◆ Your goal: Set down word for word each line from the one containing "LUMEO Round Halo" through the end of the records, both included. Do not copy any pictures.

:: Extracted material ::

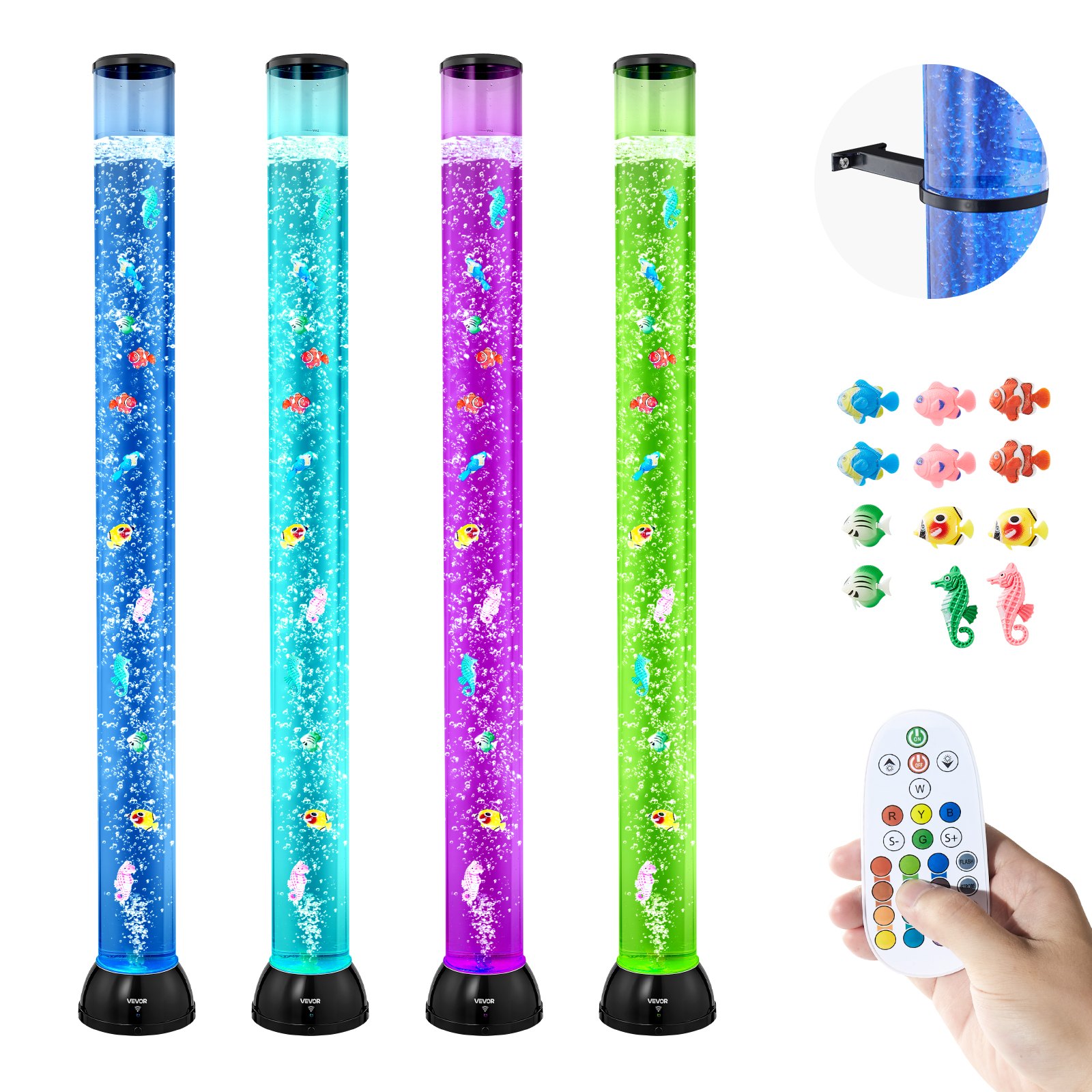 VEVOR Bubble Tube Lamp 16 Color 120 cm Sensory Aquarium Lamp for Relief Calming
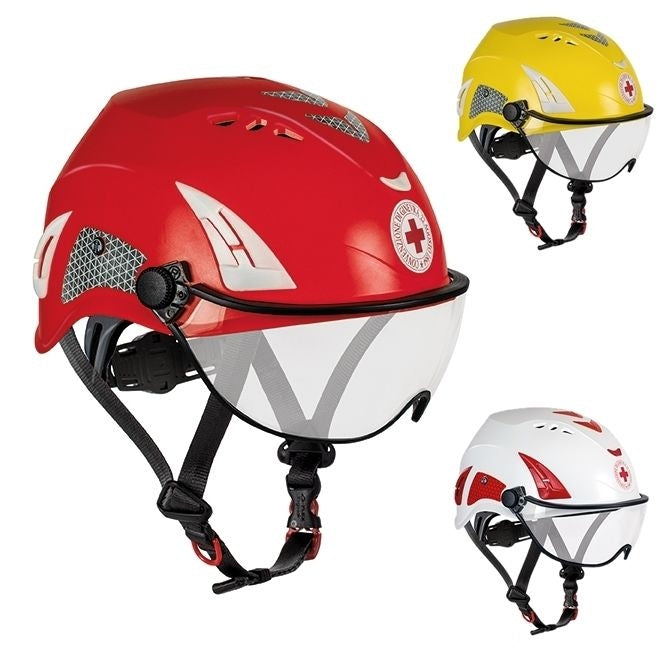 Kask Helmet HP-CRI 紅十字安全頭盔附面罩、頭盔袋 [ EN 14052 嚴苛環境減震增強 ] 3色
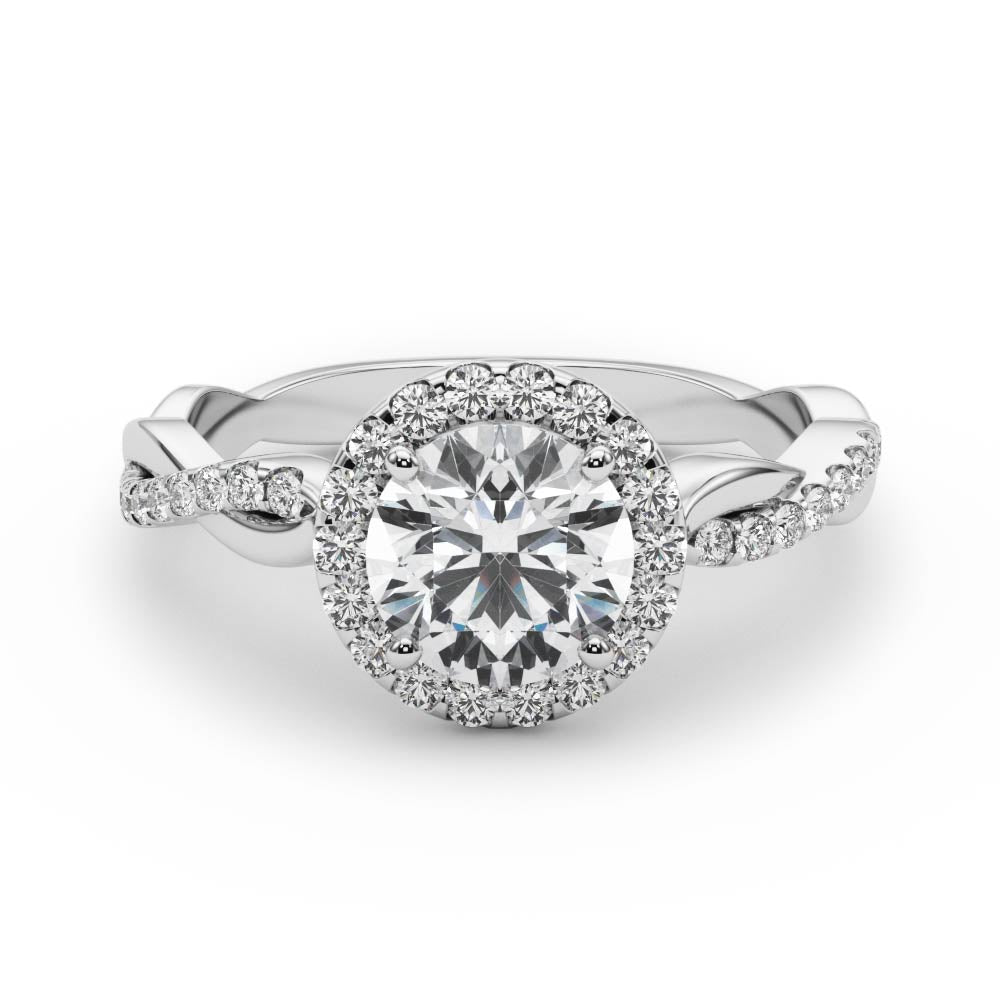 LUMEO Round Halo Diamond Engagement Ring Set in Platinum 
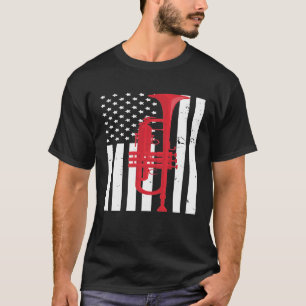 T-shirt Trumpet USA American Flag Jazz Music For Trumpet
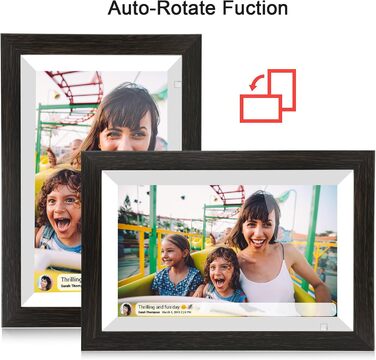 Цифровий фоторамка Cytem 10.1 дюйма | Wi-Fi, FrameO Software, 32GB, Сенсор руху, Автоматичне повороту, IPS 16:10, Touchscreen, Коричневе дерево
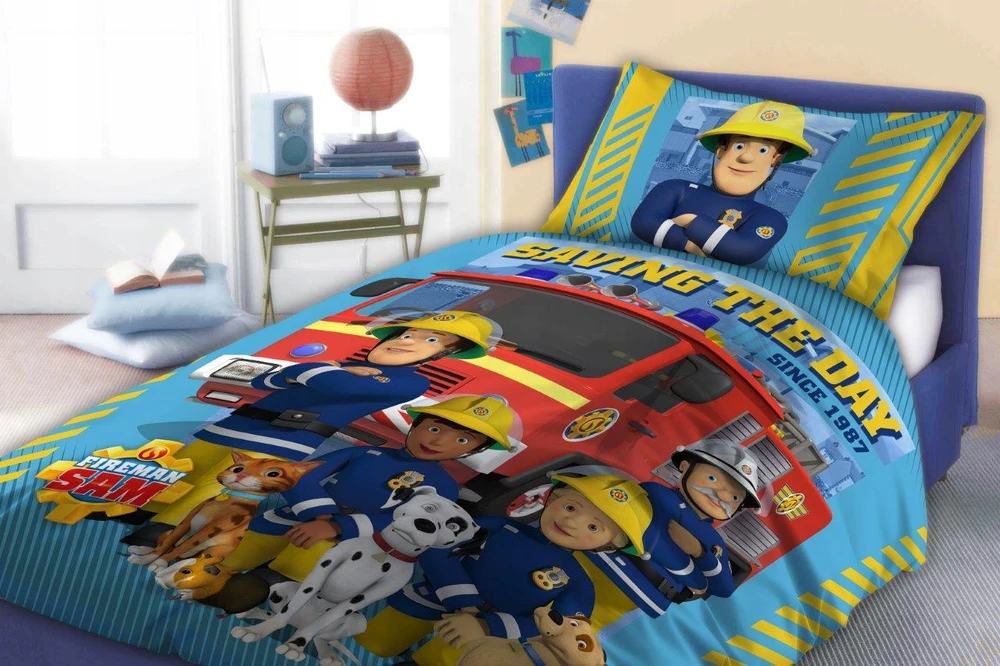 Faro Fireman Sam Saving the Day patalynės komplektas, 100×135 cm, 40×60 cm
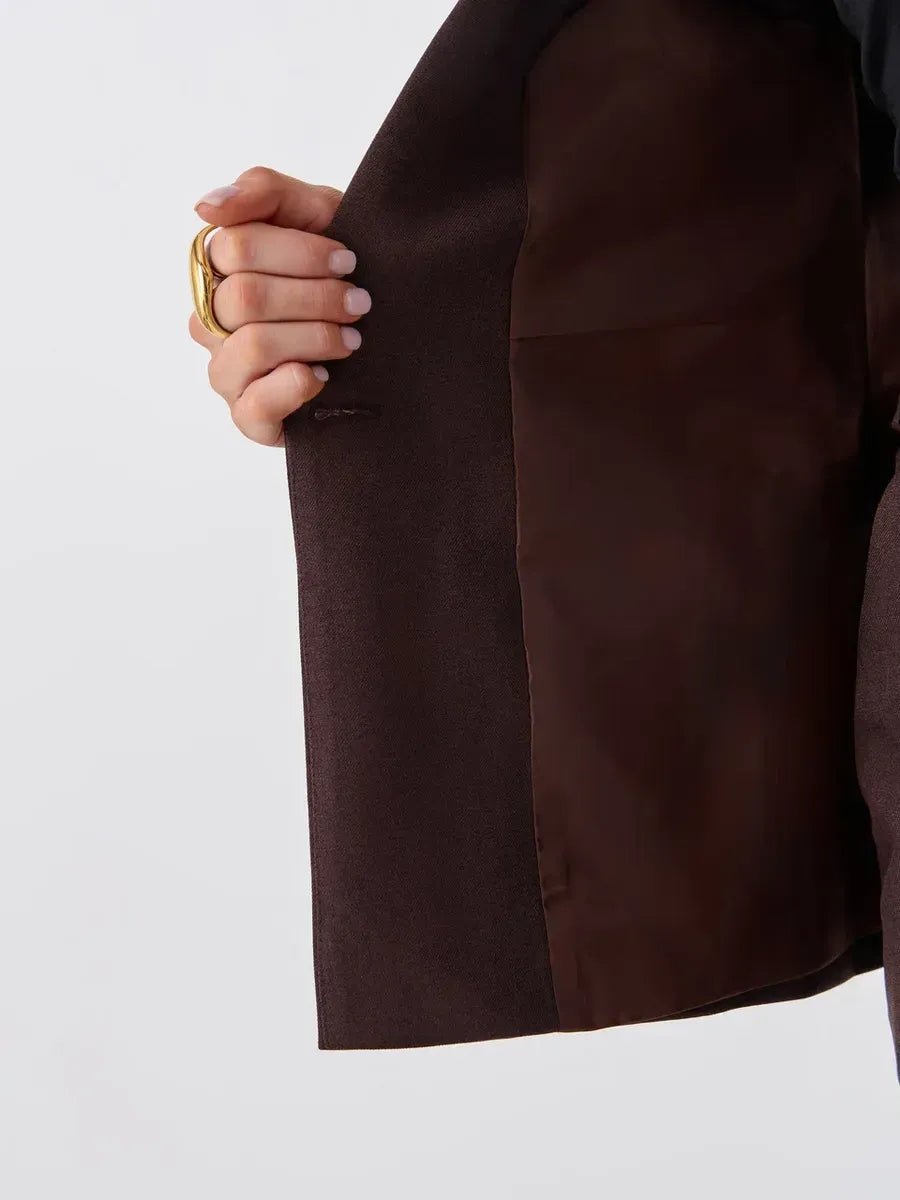 Cacao Suit Set by Lauven - Detail of the chocolate vest's interior fabric.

:::

◆ Response area:
 LUMEO Round Halo Diamond Engagement Ring Set in Platinum 
 T-shirt Trumpet USA American Flag Jazz Music For Trumpet
 Цифровий фоторамка Cytem 10.1 дюйма | Wi-Fi, FrameO Software, 32GB, Сенсор руху, Автоматичне повороту, IPS 16:10, Touchscreen, Коричневе дерево
 Faro Fireman Sam Saving the Day patalynės komplektas, 100×135 cm, 40×60 cm
 Cacao Suit Set by Lauven - Detail of the chocolate vest's interior fabric.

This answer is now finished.